Da La STAMPA del 13 agosto 2006, un articolo di Fiamma Nirenstein sui contraccolpi politici, in Israele,  della risoluzione Onu che impone  il cessate nella guerra contro Hezbollah.
Ecco il testo:


Il Consiglio di Sicurezza ha votato la sua risoluzione: il documento è decisamente migliore per Israele di quello che si era prospettato giovedì sotto la spinta della Lega Araba, il cui capo Amr Mussa era volato a New York per fare pressioni. Ma Ehud Olmert sa che la riunione odierna del governo, a cui spetterà l’accettazione delle decisioni, sarà molto controversa.

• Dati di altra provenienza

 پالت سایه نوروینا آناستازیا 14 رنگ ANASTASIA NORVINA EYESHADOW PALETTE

Nonostante la svolta diplomatica, il numero di tank, di mezzi corazzati leggeri, di soldati di leva e riservisti che sono penetrati ieri notte nel Libano dal confine settentrionale è, in questa guerra, senza precedenti. E già parte dei soldati israeliani vedono il Litani senza cannocchiale. Le tecniche usate dell’esercito dimostrano che si cerca di velocizzare le operazioni: per esempio, invece di combattere casa per casa, villaggi interi sono stati circondati dall'esterno per impedire i movimenti degli Hezbollah.

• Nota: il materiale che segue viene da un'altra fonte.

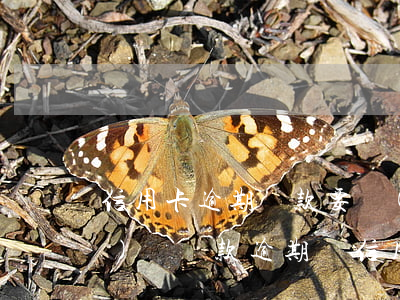 信用卡逾期還款要擔(dān)刑責(zé)嗎(貸款逾期與信用卡逾期的后果是什么)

L’ordine di Ehud Olmert al capo di Stato maggiore Dan Haluz di intraprendere una corsa militare verso il fiume Litani e insieme la scelta di accettare la risoluzione dell’Onu, sono decisioni parallele. La seconda gli costa il ritorno dell’opposizione al suo ruolo classico, fuori dall’unità nazionale della guerra, e una quantità di critiche politiche e strategiche. In fondo la domanda che Israele rivolge a Olmert è questa: se questa è una guerra per la sopravvivenza, e lo è, perché accettare una decisione internazionale che lascia agli Hezbollah la possibilità di ricreare la loro forza con l’appoggio siriano e iraniano, destinato a sua volta a crescere? Ma Olmert sostiene invece che la risoluzione sancisce di fatto un successo israeliano, se non una vittoria completa.
Olmert pensa in questi termini: abbiamo ottenuto per la prima volta che il mondo riconosca la responsabilità degli Hezbollah, la necessità di disarmarli. Abbiamo inoltre ottenuto che il mondo si sia mobilitato per garantire che la risoluzione 1559 (che sgombera i miliziani dal sud del Libano) sia presa in considerazione pragmaticamente, con il dispiegamento dell’esercito libanese e un’Unifil molto rafforzata. Soprattutto Olmert pensa che alla fine - nonostante svariati balbettamenti politici sulla decisione di lanciare la forza di terra, invece di usare soprattutto l’aviazione per paura di grandi perdite fra i soldati - l’esercito abbia confermato il suo primato in Medioriente. E che quindi Israele abbia di fatto sgominato gli Hezbollah, dimezzati e boccheggianti, che infatti hanno accettato l’esercito libanese nella zona che è da sei anni sotto la loro totale sovranità. Di fatto, ieri, la quantità di missili lanciata sulla Galilea è diminuita. E Nasrallah, che naturalmente ha rivendicato la vittoria, ha tuttavia detto ai suoi che è ora di smettere. Inoltre la risoluzione non prevede che Tsahal lasci il terreno prima che entri l'esercito libanese più l’Unifil, come invece vorrebbe Nasrallah.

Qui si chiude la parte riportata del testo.